Read the data, and whenever a line holds the word "today", report that line.
The data Start Marker
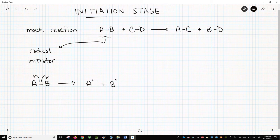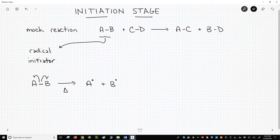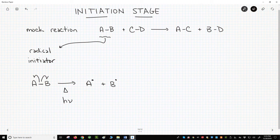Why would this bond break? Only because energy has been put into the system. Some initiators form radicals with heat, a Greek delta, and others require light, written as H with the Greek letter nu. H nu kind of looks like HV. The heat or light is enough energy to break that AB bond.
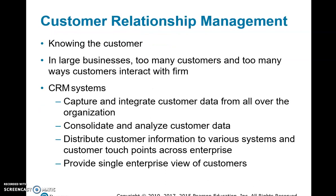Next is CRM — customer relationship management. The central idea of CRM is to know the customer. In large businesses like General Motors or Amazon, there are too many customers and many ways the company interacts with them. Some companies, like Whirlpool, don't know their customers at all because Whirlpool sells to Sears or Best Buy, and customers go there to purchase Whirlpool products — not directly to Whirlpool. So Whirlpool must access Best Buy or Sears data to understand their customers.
The data End Marker
The data Start Marker
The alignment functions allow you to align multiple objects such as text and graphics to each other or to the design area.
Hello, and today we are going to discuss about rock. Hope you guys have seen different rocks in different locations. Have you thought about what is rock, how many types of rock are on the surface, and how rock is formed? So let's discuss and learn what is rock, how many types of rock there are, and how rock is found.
The data End Marker
The data Start Marker
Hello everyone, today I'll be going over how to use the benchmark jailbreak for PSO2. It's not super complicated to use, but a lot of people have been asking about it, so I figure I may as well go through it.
The data End Marker
[Expected output]
Hello, and today we are going to discuss about rock. Hope you guys have seen different rocks in different locations. Have you thought about what is rock, how many types of rock are on the surface, and how rock is formed? So let's discuss and learn what is rock, how many types of rock there are, and how rock is found.
Hello everyone, today I'll be going over how to use the benchmark jailbreak for PSO2. It's not super complicated to use, but a lot of people have been asking about it, so I figure I may as well go through it.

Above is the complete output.